• _Aim of the exercise_
Print out every entry that follows, exactly as written.

• _Data section_
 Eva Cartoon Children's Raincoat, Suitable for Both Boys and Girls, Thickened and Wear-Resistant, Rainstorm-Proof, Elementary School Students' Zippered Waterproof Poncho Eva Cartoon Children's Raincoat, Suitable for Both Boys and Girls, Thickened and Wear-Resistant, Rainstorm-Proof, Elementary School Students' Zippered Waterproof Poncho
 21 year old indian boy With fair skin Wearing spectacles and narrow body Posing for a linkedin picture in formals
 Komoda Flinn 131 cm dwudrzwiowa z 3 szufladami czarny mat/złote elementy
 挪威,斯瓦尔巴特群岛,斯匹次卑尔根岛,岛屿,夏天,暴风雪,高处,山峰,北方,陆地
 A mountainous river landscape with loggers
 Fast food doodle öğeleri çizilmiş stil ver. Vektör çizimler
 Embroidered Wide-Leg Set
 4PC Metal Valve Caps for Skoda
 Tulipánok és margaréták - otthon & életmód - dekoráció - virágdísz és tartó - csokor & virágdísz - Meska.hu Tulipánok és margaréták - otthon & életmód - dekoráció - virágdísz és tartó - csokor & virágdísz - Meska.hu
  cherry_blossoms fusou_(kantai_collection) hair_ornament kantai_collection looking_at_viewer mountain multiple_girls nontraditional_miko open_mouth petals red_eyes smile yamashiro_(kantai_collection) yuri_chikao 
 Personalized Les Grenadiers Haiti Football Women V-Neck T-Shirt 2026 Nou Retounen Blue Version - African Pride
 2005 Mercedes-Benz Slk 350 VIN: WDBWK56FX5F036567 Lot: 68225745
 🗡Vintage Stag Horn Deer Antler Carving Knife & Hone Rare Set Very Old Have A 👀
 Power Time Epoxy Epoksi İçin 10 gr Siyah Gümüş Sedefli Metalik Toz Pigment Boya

• _Answer to this task_
 Eva Cartoon Children's Raincoat, Suitable for Both Boys and Girls, Thickened and Wear-Resistant, Rainstorm-Proof, Elementary School Students' Zippered Waterproof Poncho Eva Cartoon Children's Raincoat, Suitable for Both Boys and Girls, Thickened and Wear-Resistant, Rainstorm-Proof, Elementary School Students' Zippered Waterproof Poncho
 21 year old indian boy With fair skin Wearing spectacles and narrow body Posing for a linkedin picture in formals
 Komoda Flinn 131 cm dwudrzwiowa z 3 szufladami czarny mat/złote elementy
 挪威,斯瓦尔巴特群岛,斯匹次卑尔根岛,岛屿,夏天,暴风雪,高处,山峰,北方,陆地
 A mountainous river landscape with loggers
 Fast food doodle öğeleri çizilmiş stil ver. Vektör çizimler
 Embroidered Wide-Leg Set
 4PC Metal Valve Caps for Skoda
 Tulipánok és margaréták - otthon & életmód - dekoráció - virágdísz és tartó - csokor & virágdísz - Meska.hu Tulipánok és margaréták - otthon & életmód - dekoráció - virágdísz és tartó - csokor & virágdísz - Meska.hu
  cherry_blossoms fusou_(kantai_collection) hair_ornament kantai_collection looking_at_viewer mountain multiple_girls nontraditional_miko open_mouth petals red_eyes smile yamashiro_(kantai_collection) yuri_chikao 
 Personalized Les Grenadiers Haiti Football Women V-Neck T-Shirt 2026 Nou Retounen Blue Version - African Pride
 2005 Mercedes-Benz Slk 350 VIN: WDBWK56FX5F036567 Lot: 68225745
 🗡Vintage Stag Horn Deer Antler Carving Knife & Hone Rare Set Very Old Have A 👀
 Power Time Epoxy Epoksi İçin 10 gr Siyah Gümüş Sedefli Metalik Toz Pigment Boya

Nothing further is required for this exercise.